**Task**
In the entries below, begin at the line with "Good Sleep. Foods" and stop after the line with "Marina Puerto Velero"; output those lines exactly and omit the pictures.

**Data to examine**
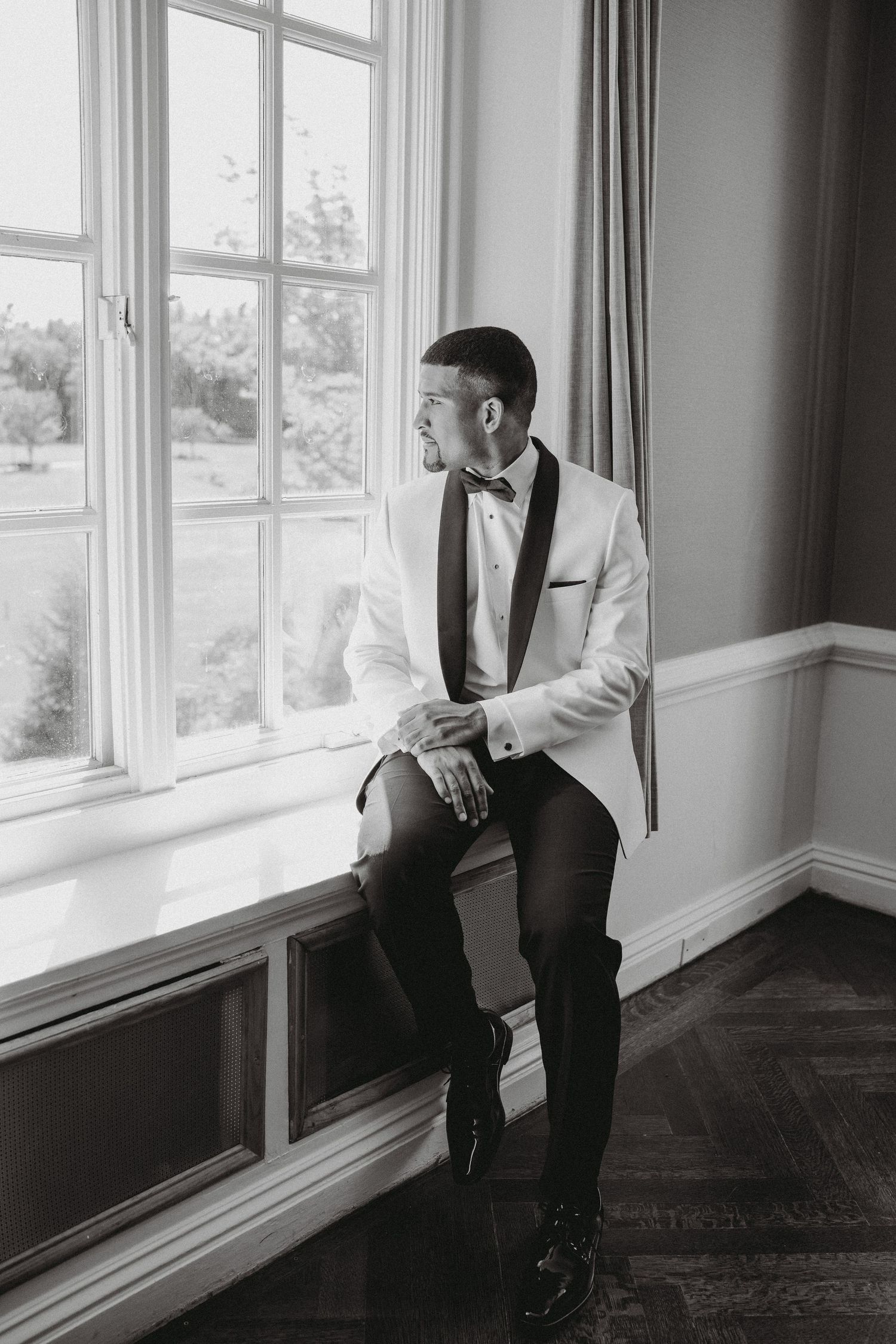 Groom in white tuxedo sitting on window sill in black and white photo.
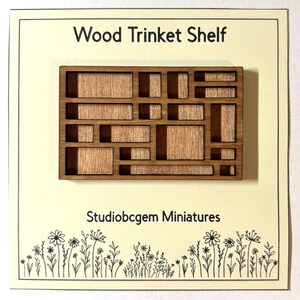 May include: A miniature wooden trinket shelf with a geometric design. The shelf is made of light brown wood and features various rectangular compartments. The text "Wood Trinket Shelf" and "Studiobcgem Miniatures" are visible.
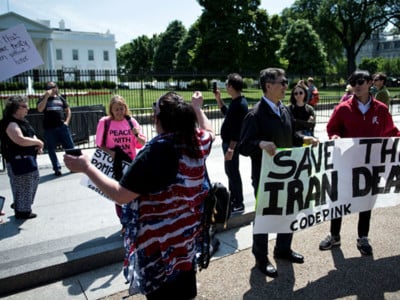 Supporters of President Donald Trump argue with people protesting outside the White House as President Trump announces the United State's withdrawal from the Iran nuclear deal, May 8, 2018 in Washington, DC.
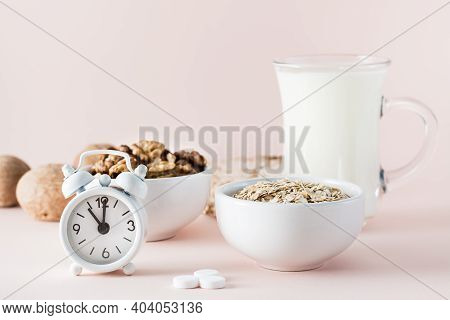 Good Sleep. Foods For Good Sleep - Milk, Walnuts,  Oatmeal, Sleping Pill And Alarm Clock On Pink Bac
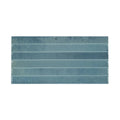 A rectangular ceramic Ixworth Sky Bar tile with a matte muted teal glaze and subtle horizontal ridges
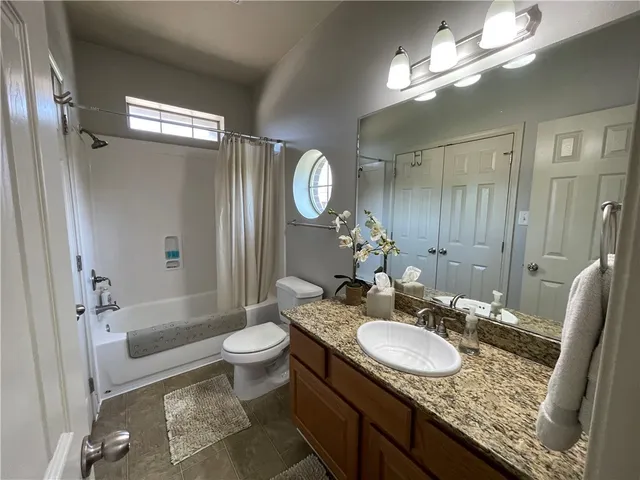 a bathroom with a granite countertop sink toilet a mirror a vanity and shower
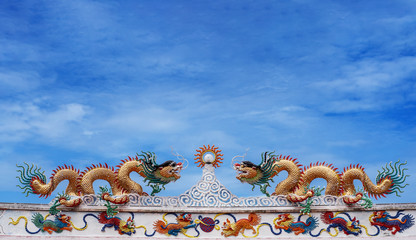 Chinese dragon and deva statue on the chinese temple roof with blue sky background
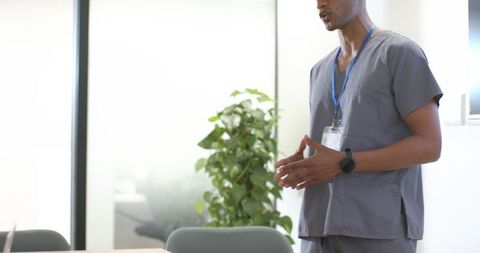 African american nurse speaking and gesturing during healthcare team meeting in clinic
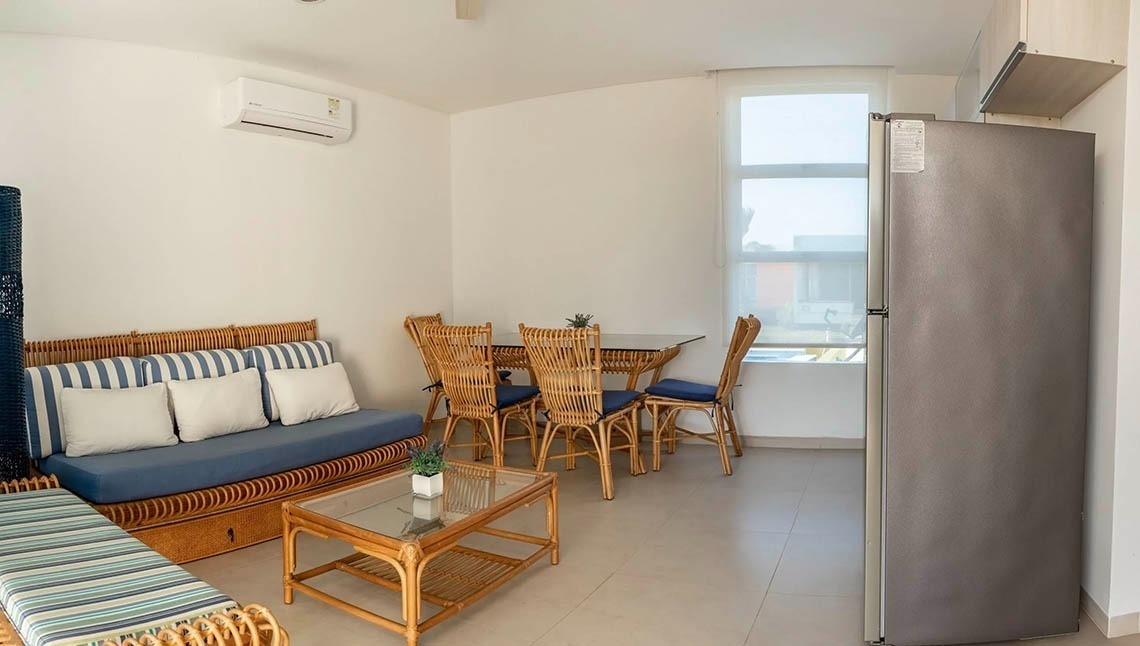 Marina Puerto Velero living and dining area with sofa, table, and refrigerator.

...

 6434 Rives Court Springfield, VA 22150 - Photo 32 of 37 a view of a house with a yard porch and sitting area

---

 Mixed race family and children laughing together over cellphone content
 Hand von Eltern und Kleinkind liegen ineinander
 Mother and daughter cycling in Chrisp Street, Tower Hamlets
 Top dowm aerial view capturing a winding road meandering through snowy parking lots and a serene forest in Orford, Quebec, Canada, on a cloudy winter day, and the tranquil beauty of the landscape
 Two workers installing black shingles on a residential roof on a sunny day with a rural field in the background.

**Written response**
 Good Sleep. Foods For Good Sleep - Milk, Walnuts,  Oatmeal, Sleping Pill And Alarm Clock On Pink Bac
 A rectangular ceramic Ixworth Sky Bar tile with a matte muted teal glaze and subtle horizontal ridges
 a bathroom with a granite countertop sink toilet a mirror a vanity and shower
 Chinese dragon and deva statue on the chinese temple roof with blue sky background
 African american nurse speaking and gesturing during healthcare team meeting in clinic
 Marina Puerto Velero living and dining area with sofa, table, and refrigerator.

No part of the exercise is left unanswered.